In New York City, Eugene Jacques Bullard had to start his life from scratch working odd jobs. He was able to contact Kitty who had kept his daughters safe and they were able to come to the US to be with their father. While in Manhattan, he became involved in Free French groups working to support General de Gaulle, who was head of the Free French government in exile at the time.
Times were hard in Manhattan for Bullard. His old friend Louis Armstrong helped him by hiring him as a tour manager and occasional drummer. He even tried to reopen his club and gym in Paris. He had to give up because the postwar situation was hopelessly complicated.
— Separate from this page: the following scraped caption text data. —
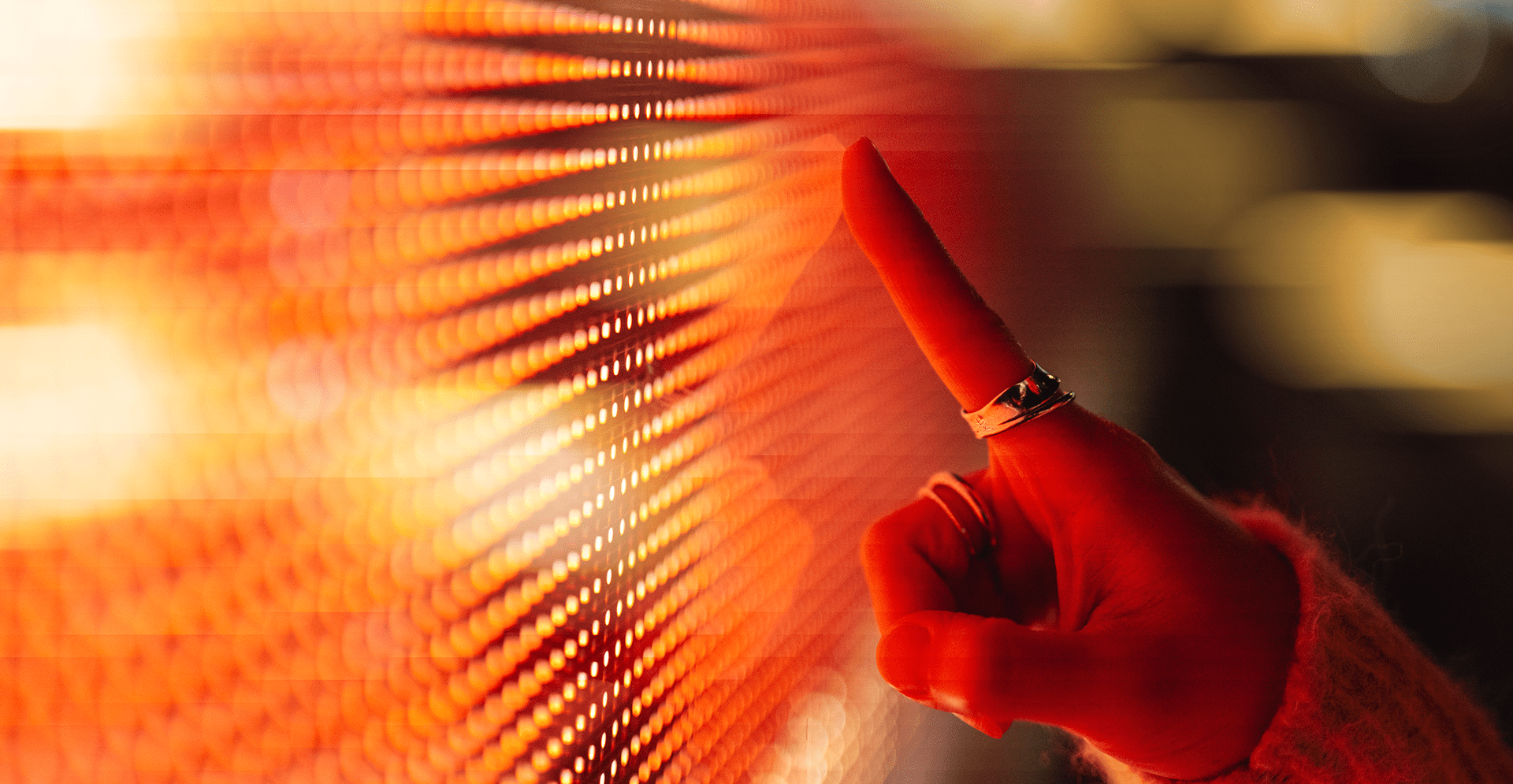 A hand is raised, with a finger pointing at a vivid red screen, suggesting focus on the content displayed.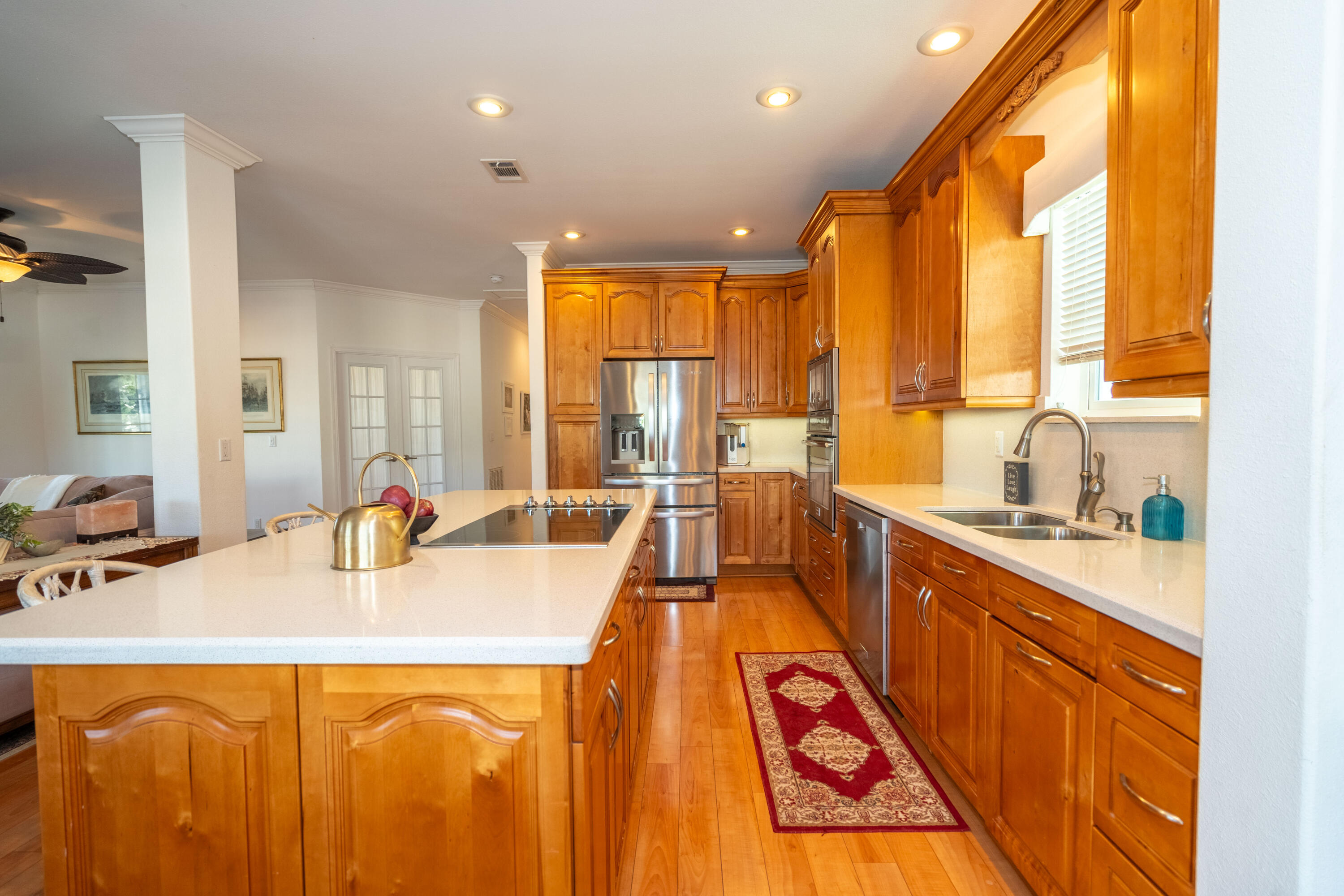 55 Ocean Drive Key Largo, FL 33037 - Photo 11 of 53 a large kitchen with kitchen island a large window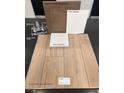 Interior design samples of flooring, carpet, cabinets, quartz and paint for a new home at 4208 Mount Bonnell Ave, North Las Vegas, NV 89081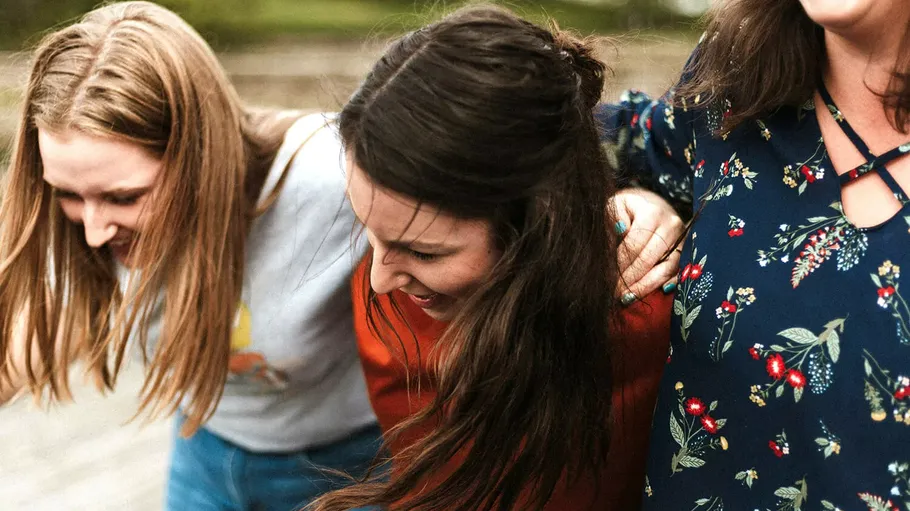 Drei lachende Frauen im Freien eng beieinander.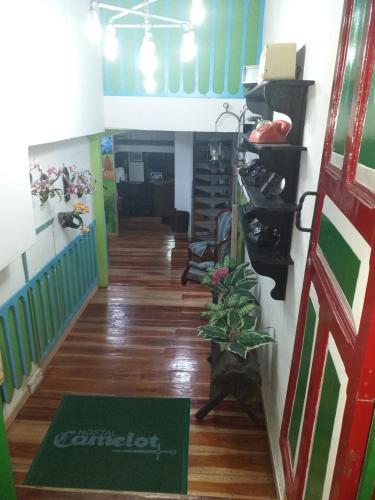 a hallway in a house with a door and a stairway at Hostel Camelot Salento in Salento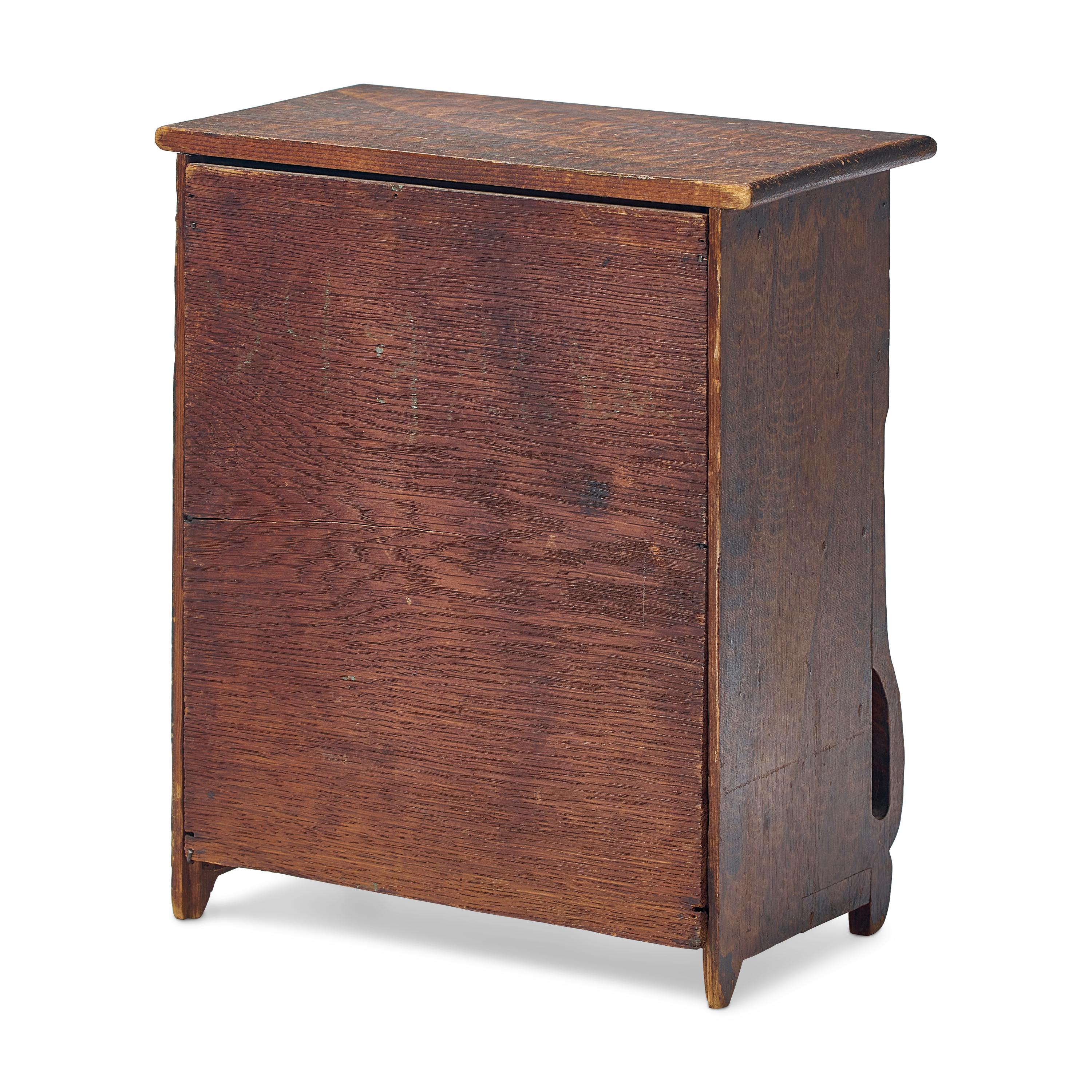 A Classical Grain Painted Pine Miniature Chest of Drawers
In 1959, he was made a chevalier (knight) of France via the French Embassy in New York City. This was while he was working as an elevator operator at 10 Rockefeller Plaza. One day, Dave Garroway, the host of The Today Show entered the elevator and asked him about the medal he was wearing. He had Bullard’s history checked out and found that the elevator man was not only the first African- American fighter pilot in history but much, much more.
Bullard was invited to appear on The Today Show, which led to other appearances and speaking engagements. At last, in parts of America, his heroism was finally recognized.
His one return visit to Georgia was not a happy one. His family had been scattered and one brother had been lynched. He never returned to the South again and lived out the rest of his life in New York City.
In 1960, General Charles de Gaulle, came to visit President Eisenhower. After giving speeches at City Hall and the Waldorf Astoria, he went to the Seventh Regiment Armory. Five thousand French were there and Eugene Jacques Bullard’s presence had been requested.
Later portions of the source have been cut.